Cientistas publicam seus trabalhos em forma de artigos científicos, que são submetidos a um rigoroso processo de revisão pelos pares antes de serem publicados em revistas especializadas. Esse processo sempre é feito de forma isenta, sem interesses pessoais ou financeiros.
O parágrafo acima seria um retrato fiel da verdade se não fossem um pequeno detalhe. Humanos fazendo “humanices”…
O que é a revisão por pares?
Para entender a revisão por pares (peer-review, em inglês) vamos imaginar a seguinte situação:
Pesquisadores acreditam ter descoberto um novo antibiótico. Analisaram ação dessa nova droga e padronizaram um método para purificá-la. O passo seguinte é escrever um artigo contando a história da descoberta, desde a relevância do trabalho até os resultados encontrados. Os métodos utilizados são parte importante do trabalho, uma vez que qualquer outro pesquisador teria que ser capaz de replicar o estudo e obter o mesmo resultado.
Feito isso, os autores enviam o artigo para revistas científicas de uma área específica, nesse caso, uma revista de microbiologia ou de antibióticos. O trabalho será analisado primeiramente por um editor para ver se não tem nenhuma falha gritante no artigo. Caso não encontre nada muito absurdo, o editor envia o trabalho para pelo menos mais dois outros cientistas do mesmo campo de pesquisa, que serão os revisores do trabalho. Isso normalmente é feita de acordo com um método chamado “duplo cego” – ou seja, a pessoas que estão revisando o artigo não sabe de quem é o trabalho, e o cientista que submeteu o texto não sabe quem o está avaliando. Isso tudo é feito por intermédio do próprio editor.
Aqui começam muitos dos problemas da revisão por pares. Que ainda é o modelo mais comum de publicação científica que temos, mas nem por isso é o melhor. Por exemplo: será que os editores de todas as revistas científicas estão pensando apenas no progresso da ciência?
Suponha que quero criar uma revista sobre Terra plana. Então, peço a meus amigos que enviem artigos “comprovando” que a Terra é plana, mando esses resultados para serem analisados por outros amigos que também acreditam que a Terra é plana e, com isso, poderíamos publicar centenas de artigos dizendo que a Terra é plana – todos, “artigos que passaram pela revisão por pares”. Legal, não?
O problema da carteirada (ou argumento de autoridade) de um artigo científico
Pronto, agora temos artigos que passaram por revisão dos pares, e podemos jogar isso na cara daquele idiota no Facebook que acredita que a Terra redonda! É só jogar lá no meio e sair correndo. Afinal de contas, o artigo já passou pela revisão de especialistas, quem é a outra pessoa para duvidar de “provas comprovadas”?
É comum, em discussões sobre o que é ciência ou pseudociência, que ambos os grupos despejem artigos científicos publicados em revista com revisão pelos pares, simplesmente para “provar” seus argumentos
Também não é muito conhecida, fora da academia, a indústria de publicação de artigos científicos em revistas predatórias.

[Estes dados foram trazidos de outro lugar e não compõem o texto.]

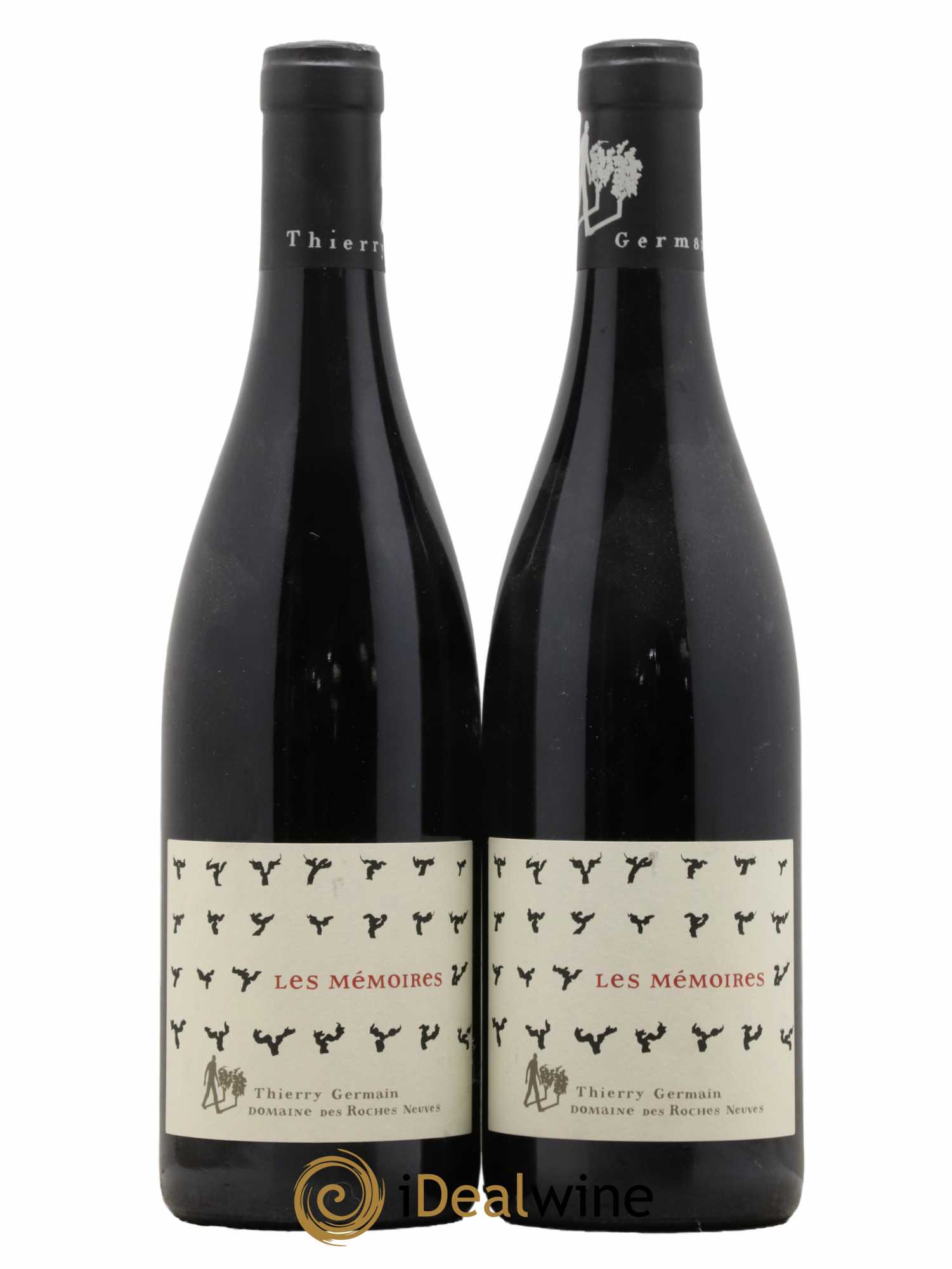 Saumur-Champigny Les Mémoires Domaine des Roches Neuves - Thierry Germain  2020 - Lot de 2 Bouteilles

Essas revistas têm apenas o interesse de cobrar taxas para publicar artigos, e aceitam qualquer coisa. Duvidam? Olhe só exemplo que foi publicado pelo International Journal of Advanced Computer Technology (quanto mais pomposo o nome, maior a carteirada).
Por “apenas” 150,00 dólares os autores conseguiram publicar rapidamente esse paper.
“Mas não tem gráficos e resultados...” Opa, claro que tem!
Temos também um artigo publicado pela função de autocompletar de um iPhone. O autor, Iris Pear (também conhecida com Siri Apple) da Universidade do Looping Infinito não só publicou o artigo como foi convidada para participar da International Conference on Atomic and Nuclear Physics. Realmente o iOS ganhou do Android nessa. Você pode conferir o árduo processo de escrever o paper no link www.bartneck.de/2016/10/20/ios-just-got-a-paper-on-nuclear-physics-accepted-at-a-scientific-conference/
Como saber se uma revista científica é confiável?
As revistas predatórias são fáceis de identificar. Se você pagar, consegue publicar e em pouco tempo.
Mas por que fazer diferença entre a Homeopathy e a Cell? Vale lembrar que ambas pertencem à mesma editora, a Elsevier, que não é considerada uma editora predatória pela comunidade científica.
A resposta simplória seria, “Porque homeopatia, assunto da Homeopathy, não tem eficácia comprovada pela ciência”.
Agora não sendo simplistas, vamos pensar no processo de submissão para essas duas revistas. Começando pela Homeopathy, que é a maior referência para publicações sobre homeopatia.
Os autores, editores e revisores partem do pressuposto que homeopatia funciona, mesmo havendo uma infinidade de estudos (por exemplo, este aqui) que mostram que o efeito de produtos homeopáticos não são melhores do que os percebidos nos grupos de controle, que não receberam nenhum tratamento.
O número de autocitação da própria revista também é alto. Isso significa que os novos estudos têm como base outros estudos publicados na mesma revista. A Homeopathy, além disso, dificilmente “retrata” – isso é jargão para a anulação de um artigo, quando se descobre que houve algum erro que torna seus resultados inválidos – trabalhos publicados.
A Cell é uma das maiores referências para diversas áreas da ciência da vida: biologia molecular, biologia celular, biologia de sistemas, células-tronco, biologia do desenvolvimento, genética e genômica, proteômica, pesquisa de câncer, imunologia, neurociência, biologia estrutural, microbiologia, virologia, fisiologia, biofísica e biologia computacional.
Os editores e revisores tentam encontrar falhas metodológicas e nas conclusões dos autores.
Existem citações de uma diversos estudos publicados em outras revistas científicas, não apenas na própria Cell.
Muitos dos artigos submetidos não passam nem mesmo pelo crivo inicial do editor.
Quando comprovado que houve falhas num trabalho publicado, eles retrataram o artigo.
Esses são apenas alguns pontos de diferenças entre essas duas revistas. Vale lembrar que quando o artigo é publicado, ele fica disponível para críticas de toda a comunidade científica. O que é muito bom, porque muitos artigos já foram retratados após falhas terem sido apontadas. Já houve casos em que os próprios autores descobriram que haviam feito algo errado, e eles mesmo pediram para que o artigo fossem retratado. Isso é ciência.
Garantia de sucesso
Então, isso significa que revistas de alto prestígio nunca publicaram ou irão publicar sobre homeopatia ou estudos que se provam errados?
Claro que não. Como já foi dito no começo do artigo, tanto quem publica na Homeopathy quanto na Cell são humanos. E humanos erram. Mas aceitar e retratar o erro também é trabalho da comunidade, principalmente da científica.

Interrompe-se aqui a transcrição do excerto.